Sharing list in DistributedDataParallel

Seo · January 12, 2021, 5:27pm

Hi everyone,
I am in trouble since I don’t know how to manage evaluation phase with DistributedDataParallel model. In my evaluation loop I accumulate the correct predictions in order to compute the final accuracy per epoch. These predictions are stored inside a list of dictionaries. My model is wrapped in a Distributed DataParallel and so, each process will compute predictions on a separate portion of the dataset.
Unfortunately, predictions are not tensors and so I cannot use the utilities provided in torch.distributed. I tried to save all the lists on disk and concatenate the results in the main process (rank == 0) but this method will not work in distributed scenario where I have multiple nodes.

Do you know how to gather the list from all the different processes in order to compute the final accuracy per epoch?

pritamdamania87 · January 13, 2021, 12:06am

@Seo You can probably use gather_object to gather objects on a single rank which are not tensors.

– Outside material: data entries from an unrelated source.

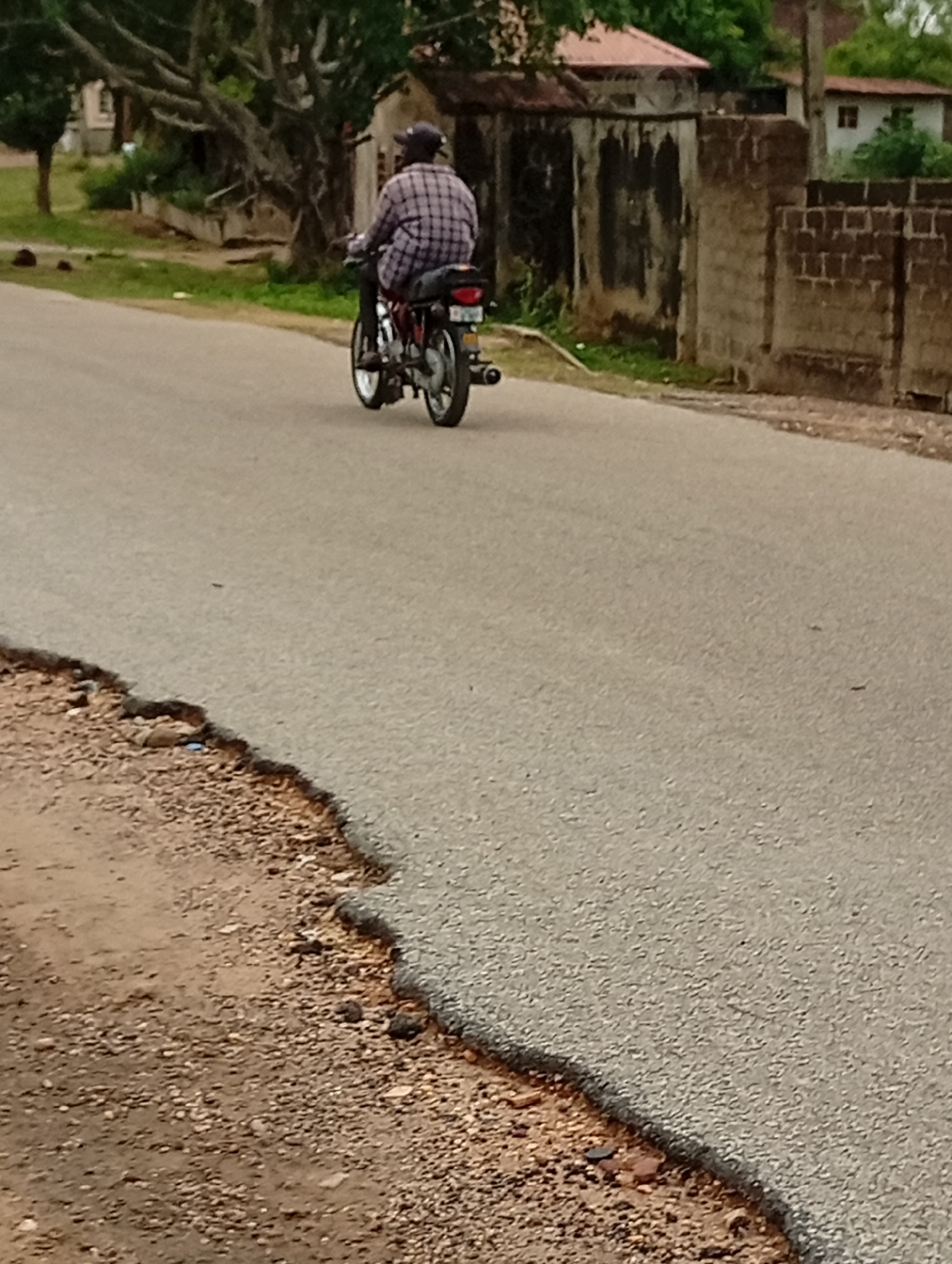 A man rides a motorcycle on a paved road in Lokoja, Nigeria. He wears a plaid shirt and a cap. The road has damaged edges exposing gravel. Buildings and vegetation line the roadside.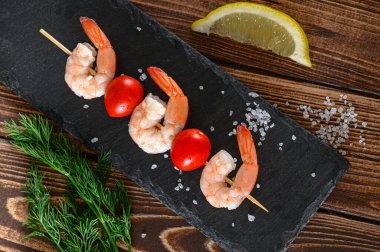 Tahta çubukta domatesli karideslerin üst görüntüsü tuz, limon ve dereotlu, yiyecek arka planı.
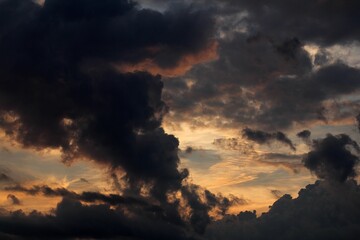 great clouds in the sky, the light of the setting sun between rolling puffed clouds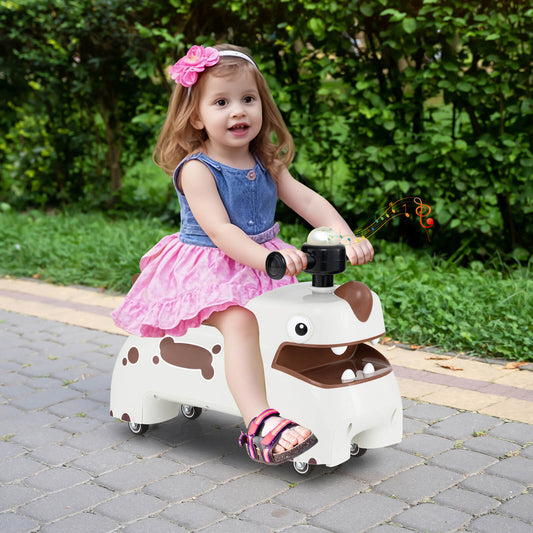 A young girl sitting on the white animal ride on toy while playing on a paved garden path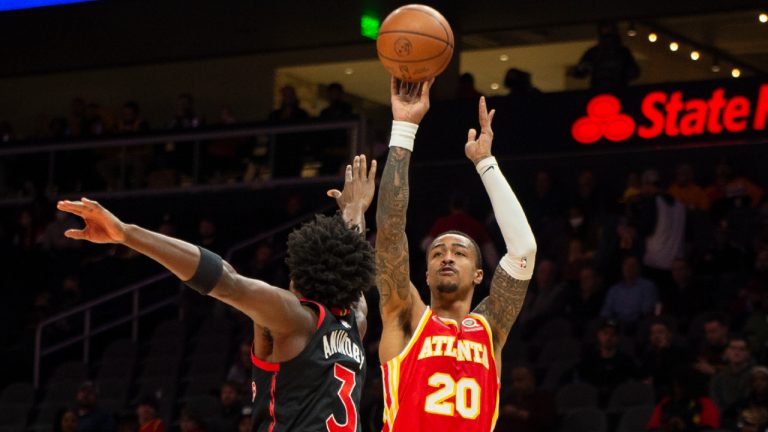 Atlanta Hawks forward John Collins (20) shoots a jumper over Toronto Raptors forward OG Anunoby (3) during the first half of an NBA basketball game Monday, Jan. 31, 2022, in Atlanta. (Hakim Wright Sr./AP)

Seo · January 13, 2021, 2:13pm

Hi @pritamdamania87, thank you for your answer. I didn’t notice the gather_object because it is a new feature included in the current 1.8.0 torch nightly. Unfortunately, the gather_object doesn’t work with NCCL backend, so I have used the all_gather_object to broadcast the results to all the processes (and then use it only in the main one). I hope gather_object will be available for NCCL backend in the next release.
Thank you!

pritamdamania87 · January 14, 2021, 9:47pm

Looks like gather is not supported in NCCL as a native API. Although I think we can support gather in PyTorch for the NCCL backend by using ncclSend/ncclRecv under the hood. cc @rvarm1 @Yanli_Zhao

ibro45 · March 8, 2021, 12:46pm

That would be great, for the moment (1.8.0) gather_object still doesn’t work with NCCL backend.